Resume for Jonas S Karlsson
===========================
My locations:
San Francisco, USA
Sydney, Australia
Amsterdam, The Netherlands
Stockholm region, Sweden
Phone: +1 691 4936 (mobile)
Email: jsk@yesco.org (preferred)
Name : Jonas S Karlsson
Date of Birth : 12th July-1968
Place of Birth: Enkoping, Sweden
Education : PhD, Computer Science
Status : free (not married)
Visa : US Green card
I n t r o d u c t i o n :
NEWS: I gave notice at end of June, 2010, and quit Google! Now I'm
travelling around the world visiting friends, and giving talks and consulting
about how to design and implement for scalability. Do you need scalability
design review/help for your successful internet services? :-)
As of 2008 September I've been working on scalability and indexing
of Google Wave, and fulltext indexing support in Megastore.
In 2006, I was co-creator of the Google Megastore project which provides
a storage layer with SQL style schema and secondary indices and consistency.
Google's "database" storage system for building scalable applications,
if you so will.
I was the second person on the project and therefore designed many features
and implemented most of the indexing features. This project aimed and
delivered a storage layer that allows applications to scale to Google
application web deployment. It is currently used in a large number of
released new applications from Google and numerous internal applications.
Up till April 2006 at Google I was working in the Ads-Serving group as a
developer implementing various back-end features. This work involved
coordination between front-end developers, PMs and usability engineers
as well as major design effort and implementation. One notable feature was
the backend server support for dayparting, also known as "Ad Scheduling"
feature.
Previously, I worked at IBM in the former Cloudscape group that we
inherited from Informix. Just recently, our product has been made open
source through the Apache Foundation. While working with the
Cloudscape team one of my on-going focus is designing and implementing
an emerging research prototype for JDBC Edge Caching, for scalability.
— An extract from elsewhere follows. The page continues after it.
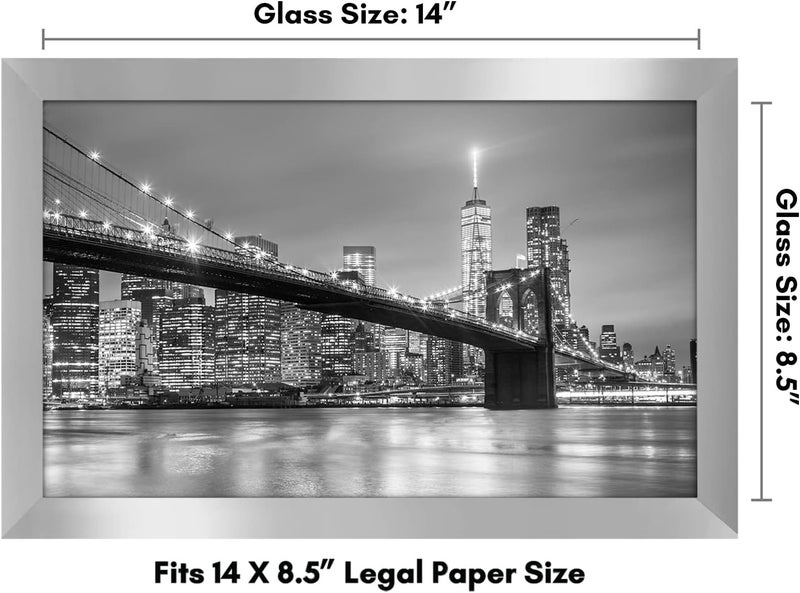 Americanflat 8.5x14 Picture Frame with Shatter-Resistant Glass - Gallery Style Frame with Engineered Wood - Signature Collection - Photo Frame for Wall Display - Silver - Image 2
In 2000, when I started at IBM, I was the team/technical lead at IBM
for the DB2 Everyplace database kernel group. DB2 Everyplace is fast
and small (200KB) SQL database engine for embedded use in small devices
and programs.
I'm foremost an architect/designer/programmer for new functionality.
I have a wide range of interests, see the project list below.
The foremost additions to DB2 Everyplace was designing/validating and
leading interns in implementing database encryption and key management
for mobile devices (article ref below), transaction management and
recovery, as well as a 40% speedup of the database storage engine's
operations by writing specialized profiling tools in my first few
weeks employed.
I was hired by Josephine Cheng in 2000, after an hour phone interview.
She is now an IBM Fellow, previously Director of IBM China Software
Development Laboratory, now she heads the IBM Almaden Research.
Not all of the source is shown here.